— Work instruction —
In your copy of the data, include no pictures and alter nothing else.

— Data excerpt —
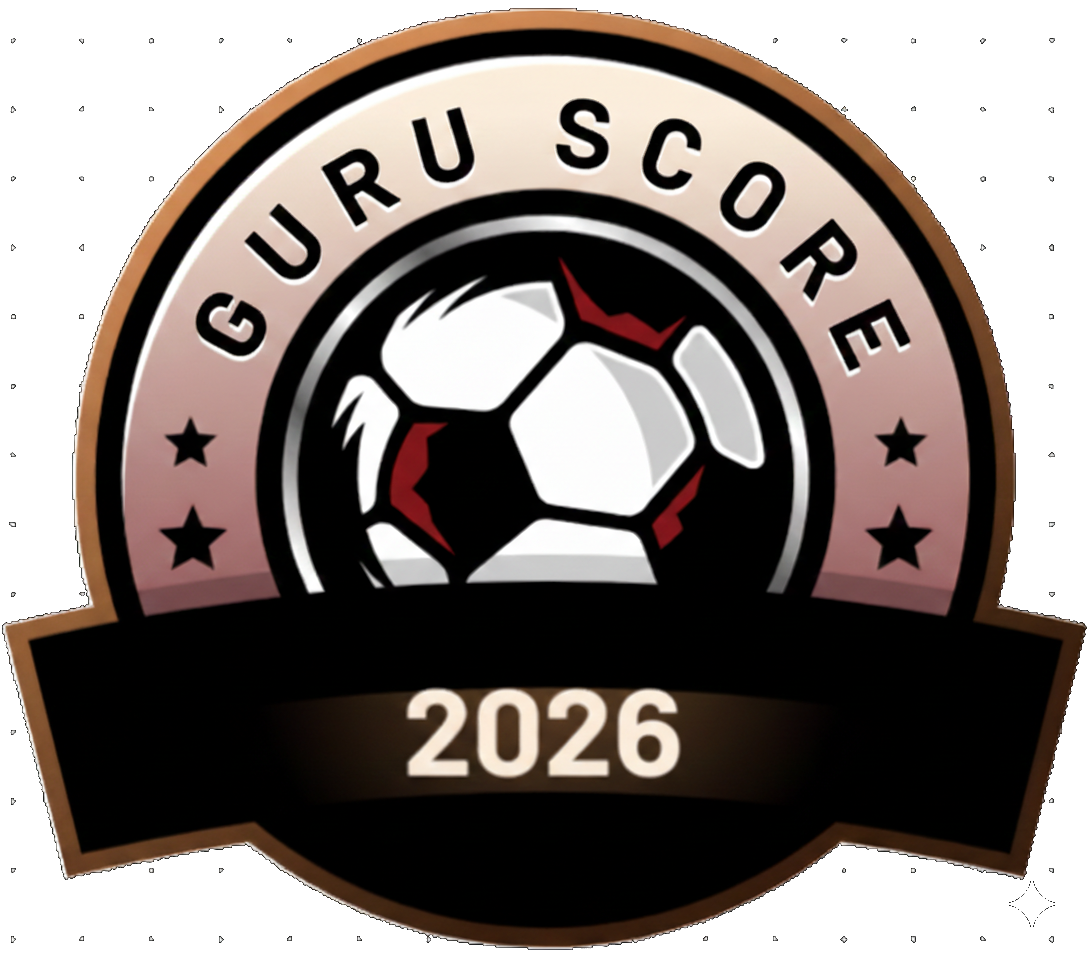 Logo Guru Score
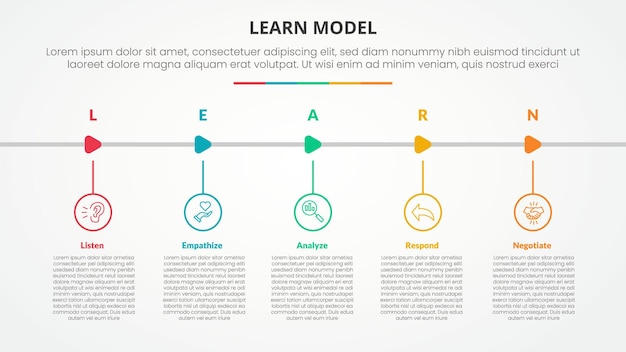 LEARN model infographic concept for slide presentation with outline circle and arrow shape horizontal with 5 point list with flat style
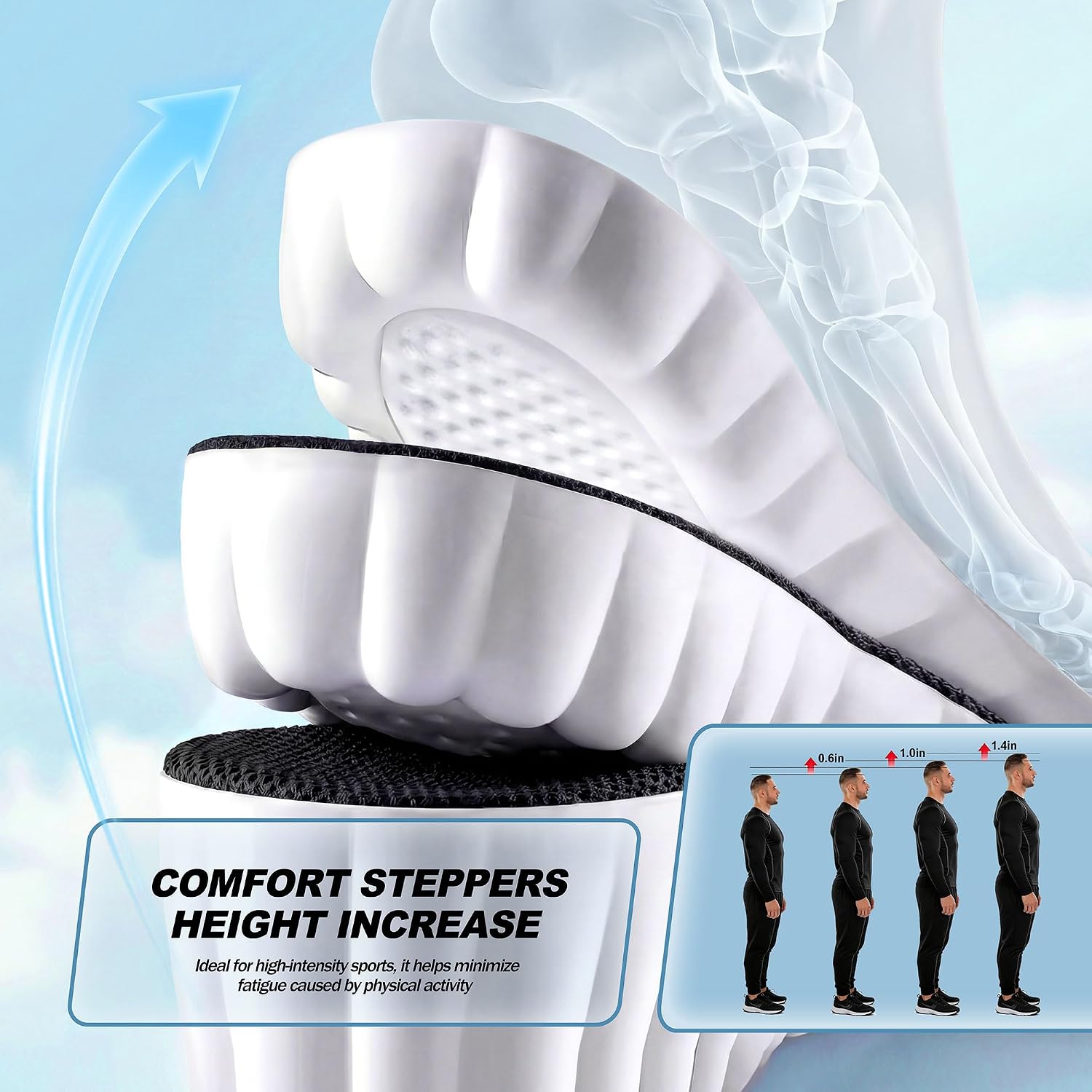 3 Pairs 0.6/1/1.4 in 4D Cloud Height Increase Insoles for Men: Soft Memory Foam Insoles PU Soft Shoe Inserts for Heel Lifts Shock Comfort Steppers Height Increase Insole Trim to Fit US Men 9-11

— Task response —
 Logo Guru Score
 LEARN model infographic concept for slide presentation with outline circle and arrow shape horizontal with 5 point list with flat style
 3 Pairs 0.6/1/1.4 in 4D Cloud Height Increase Insoles for Men: Soft Memory Foam Insoles PU Soft Shoe Inserts for Heel Lifts Shock Comfort Steppers Height Increase Insole Trim to Fit US Men 9-11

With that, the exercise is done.